Absalom had a swift, prescient fear. "She'll git it all out'n me ef I don't look sharp," he said to himself. Then aloud, "Whar's mam?" he demanded, flinging himself into a chair and looking loweringly about.

"Topknot hev jes kem off'n her nest with fourteen deedies, an' she an' 'Melia hev gone ter the barn ter see 'bout'n 'em."

"Whar's Pete?"

"A-huntin'."

A pause. The fire smouldered audibly; a hickory-nut fell with a sharp thwack on the clapboards of the roof, and rolled down and bounded to the ground.

Suddenly: "I seen yer dad ter-day," he began, without coercion. "He gin me a cussin', in the court-room, 'fore all the folks. He cussed all the Kittredges, all o' 'em; him too"—he glanced in the direction of the cradle—"cussed 'em black an' blue, an' called me a thief fur marryin' ye an kerry-in' ye off."

Her face turned scarlet, then pale. She sat down, her trembling hands reaching out to rock the cradle, as if the youthful Kittredge might be disturbed by the malediction hurled upon his tribe. But he slept sturdily on.

"Waal, now," she said, making a great effort at self-control, "ye oughtn't ter mind it. Ye know he war powerful tried. I never purtended ter be ez sweet an' pritty ez the baby air, but how would you-uns feel ef somebody ye despised war ter kem hyar an' tote him off from we-uns forever?"

"I'd cut thar hearts out," he said, with prompt barbarity.

"Thar, now!" exclaimed his wife, in triumphant logic.

He gloomily eyed the smouldering coals. He was beginning to understand the paternal sentiment. By his own heart he was learning the heart of his wife's father.

"I'd chop 'em inter minch-meat," he continued, carrying his just reprisals a step further.

"Waal, don't do it right now," said his wife, trying to laugh, yet vaguely frightened by his vehemence.

"Eveliny," he cried, springing to his feet, "I be a-goin' ter tell ye all 'bout'n it. I jes called on the cheerman fur the law agin him."

"Agin dad!—the law!" Her voice dropped as she contemplated aghast this terrible uncomprehended force brought to oppress old Joel Quimbey; she felt a sudden poignant pang for his forlorn and lonely estate.

"Never mind, never mind, Eveliny," Absalom said, hastily, repenting of his frantic candor and seeking to soothe her.

"I will mind," she said, sternly. "What hev ye done ter dad?"

"Nuthin'," he replied, sulkily—"nuthin'."

"Ye needn't try ter fool me, Abs'lom Kittredge. Ef ye ain't minded ter tell me, I'll foot it down ter town an' find out. What did the law do ter him?"

"Jes fined him," he said, striving to make light of it.

"An' ye done that fur—spite!" she cried. "A-settin' the law ter chouse a old man out'n money, fur gittin' mad an' sayin' ye stole his only darter. Oh, I'll answer fur him"—she too had risen; her hand trembled on the back of the chair, but her face was scornfully smiling—"he don't mind the money; he'll never git you-uns fined ter pay back the gredge. He don't take his wrath out on folkses' wallets; he grips thar throats, or teches the trigger o' his rifle.
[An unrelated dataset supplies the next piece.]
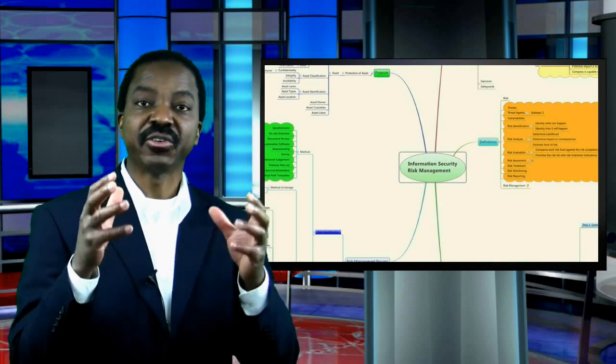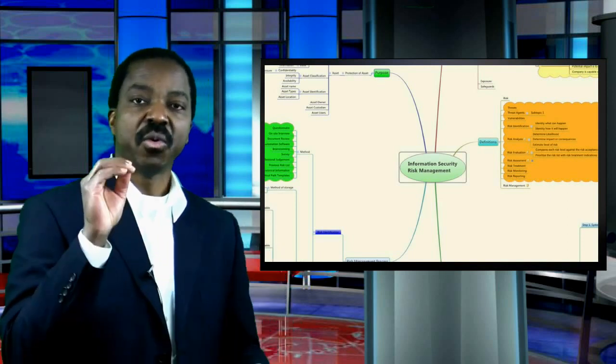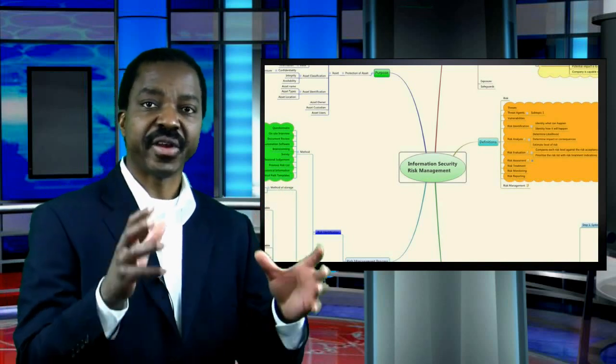Mind maps are a great way of learning, and the greatest part is if you create them yourself, it will really help you to understand your CSSP training program and be able to pass the exam more effectively. What I would recommend is this: for every domain, create a mind map.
Laws-a-massy! takin' out yer gredge that-a-way! It's ye poorer fur them dollars, Abs'lom—'tain't him." She laughed satirically, and turned to rock the cradle.
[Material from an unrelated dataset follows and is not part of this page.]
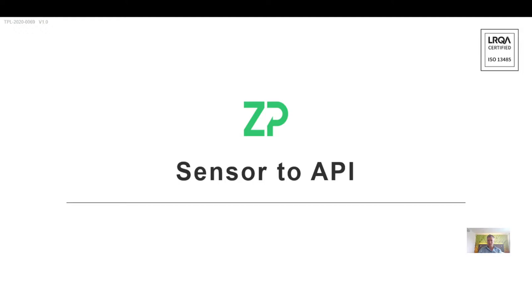Hi, welcome to this short video about Zimmer Peacock sensor to API workflow. By sensor to API, we mean taking sensor data and sending it to the cloud, allowing other people to call upon that data using an application programming interface. Let me dive a little bit deeper.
"What d'ye want me ter do? Fight a old man?" he exclaimed, angrily.

She kept silence, only looking at him with a flushed cheek and a scornful laughing eye.
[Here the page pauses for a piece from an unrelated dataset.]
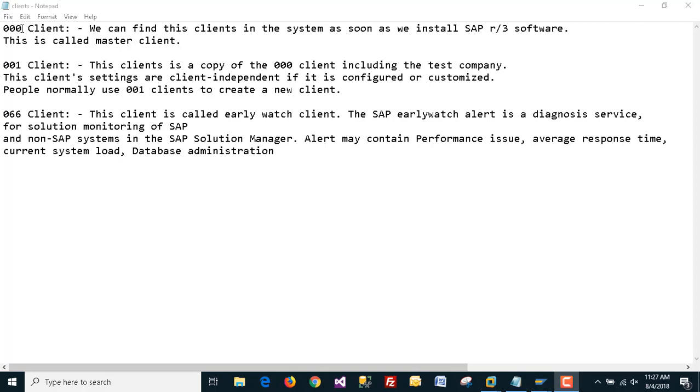000 client is basically our master client, and 001 client is the client that we will use to create new clients. The third one is 066 client.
He went on, resentfully: "I ain't 'shamed," he stoutly asserted. "Nobody 'lowed I oughter be. It's him, plumb bowed down with shame."

"The shoe's on the t'other foot," she cried. "It's ye that oughter be 'shamed, an' ef ye ain't, it's more shame ter ye. What hev he got ter be 'shamed of?"

"'Kase," he retorted, "he war fetched up afore a court on a crim'nal offence—a-cussin' afore the court! Ye may think it's no shame, but he do; he war so 'shamed he gin up his office ez jestice o' the peace, what he hev run fur four or five times, an' always got beat 'ceptin' wunst."

"Dad!" but for the whisper she seemed turning to stone; her dilated eyes were fixed as she stared into his face.

"An' I seen him a-ridin' off from town in the rain arterward, his head hangin' plumb down ter the saddle-bow."